Evaluation of binning results
When evaluating a set of bins reconstructed from simulated microbial datasets, we use BLASTn to map each bin against the ground truth genomes used for each dataset. A representative genome of each bin is determined based on the genome which can be covered by the highest fraction of nucleotides from that bin. Then for each bin, we define the number of nucleotides in the bin that belong to the representative genome as true positives (TP). The total number of nucleotides from the bin not covered by the representative genome corresponds to the false positives (FP), and the number of nucleotides in the representative genome not covered by any contigs from that bin represents the false negatives (FN). Then the completeness, contamination, and F1 score of each bin can be calculated as follows.
$$completeness=\frac{TP}{TP+ FN}$$
$$purity=\frac{TP}{TP+ FP}$$
$$contamination=1- purity$$
$$F1\ score=\frac{2\ast completeness\ast purity}{completeness+ purity}$$
For the real metagenomics data sets where the ground truth genomes are inaccessible, we employ CheckM [47] to estimate the completeness and contamination of each bin.

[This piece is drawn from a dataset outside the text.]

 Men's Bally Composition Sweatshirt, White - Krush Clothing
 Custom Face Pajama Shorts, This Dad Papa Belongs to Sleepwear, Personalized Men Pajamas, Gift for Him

Validating misassemblies identified by metaMIC with long-read assemblies
A combined rumen fluid and solid sample sequenced with both short- and long-read DNA sequencing technologies (SRA BioProject numbers PRJNA507739) are used to validate the metaMIC predictions on short-read assemblies. Short-read sequencing approaches are based on Illumina NextSeq 500 sequencing technology, and long-read sequencing is performed on the Sequel systems via PacBio’s single molecule real-time (SMRT) sequencing technology. In total, the sample contains approximately 143 million short reads and 600,000 long reads. The Illumina short reads are assembled into contigs with MEGAHIT while the long-read assemblies are generated with PacBio reads by using metaFlye [48]. Then the short-read assemblies were evaluated through using long-read assemblies as gold standard with MetaQUAST.